Evreux knew de Montfort by reputation only, even though they were near neighbours. Evreux had inherited land to the north of Chartres with good hunting. A combination of strategic marriage and repressive taxation had ensured the family’s wealth had grown steadily over the past fifty years. He had no brothers to challenge his title and no significant debts.
De Montfort’s lands were outside Paris, less than two days’ ride from Evreux’s estate. It was known de Montfort had taken the Cross at the personal request of the Duke of Burgundy, but his ambition was common knowledge, as were his piety and courage. He was a veteran of the eastern campaigns in Syria and Palestine, one of the few Crusaders who’d refused to take part in the siege of the Christian city of Zara during the Fourth Crusade to the Holy Land.
Although now in his forties, de Montfort was still as strong as an ox.
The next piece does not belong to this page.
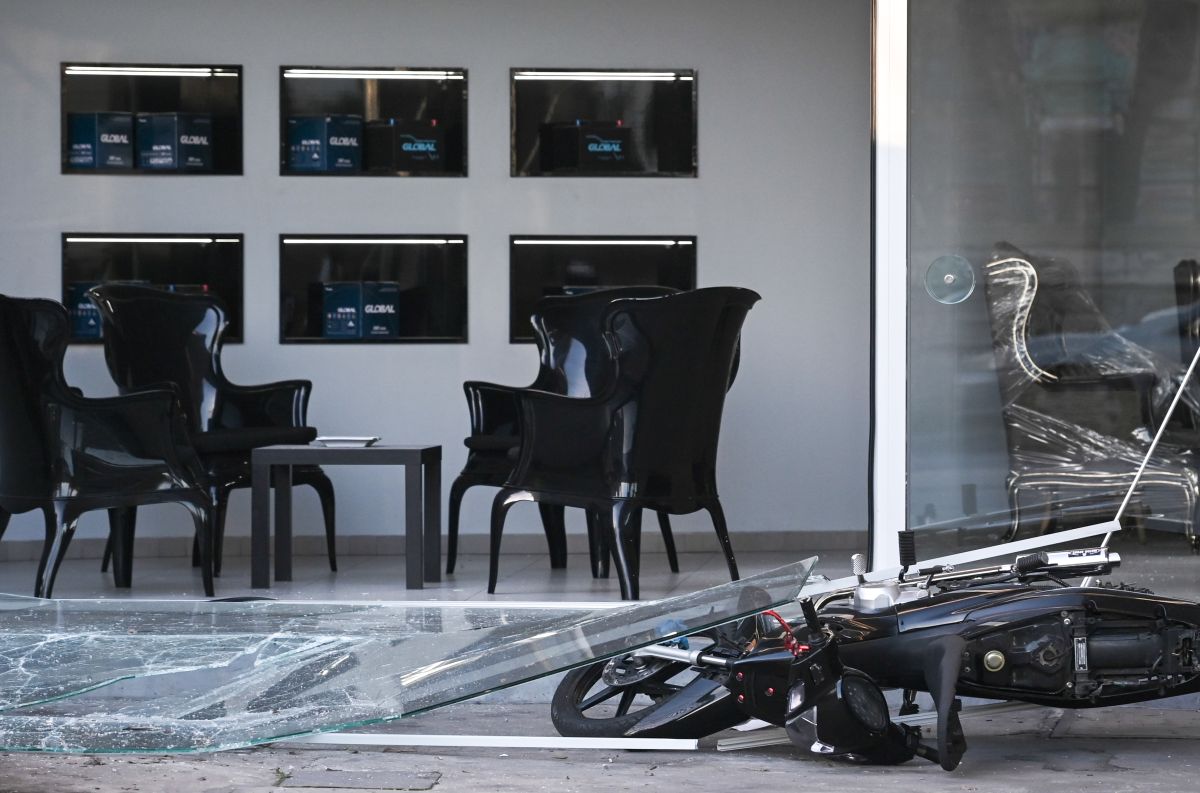 Πειραιάς: Βομβαρδισμένο τοπίο, έσπασαν παράθυρα σε πολυκατοικίες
Moody, introspective, he inspired extravagant loyalty in his men, but was distrusted by many of the barons who thought him devious and ambitious beyond his status. Evreux despised him, as he despised all those who proclaimed their actions as the work of God.
Evreux had taken the Cross for a single reason. As soon as he had accomplished his purpose, he would return to Chartres with the books he had been hunting half his lifetime. He had no intention of dying on the altar of other men’s beliefs.
What is it?“ he growled to the servant who’d appeared at his shoulder.
“There’s a messenger come for you, my lord.”
Evreux glanced up. Where is he?“ he said sharply.
Waiting just outside the camp. He would not give his name.“
“From Carcassonne?”
“He would not say, my lord.”
Bowing briefly to the top table, Evreux excused himself and slipped away, his pale face flushed. He walked quickly between the tents and animals to the glade on the eastern boundary of the camp.
At first, he could pick out only indistinct shapes in the dark between the trees. As he got closer, he recognised the man as a servant of an informer in Beziers.
Well?“ he said, disappointment hardening his voice.
The messenger dropped to his knees. We found their bodies in woods outside Coursan.“
His grey eyes narrowed. “Coursan? They were supposed to be tailing Trencavel and his men. What business had they in Coursan?”
“I cannot say, my lord,” he stammered.
At his glance, two more of his men appeared from behind the trees, their hands resting lightly on the hilts of their swords.
What was found at the site?“
“Nothing, my lord. Surcoats, weapons, horses, even the arrows that killed them were… were not there. The bodies had been stripped. Everything was taken.”
“So their identity is known?”
The servant took a step back. “The talk within the castellum is all of Amiel de Coursan’s bravery, not so much of who the men were. There was a girl, the daughter of Viscount Trencavel’s steward. Alais.”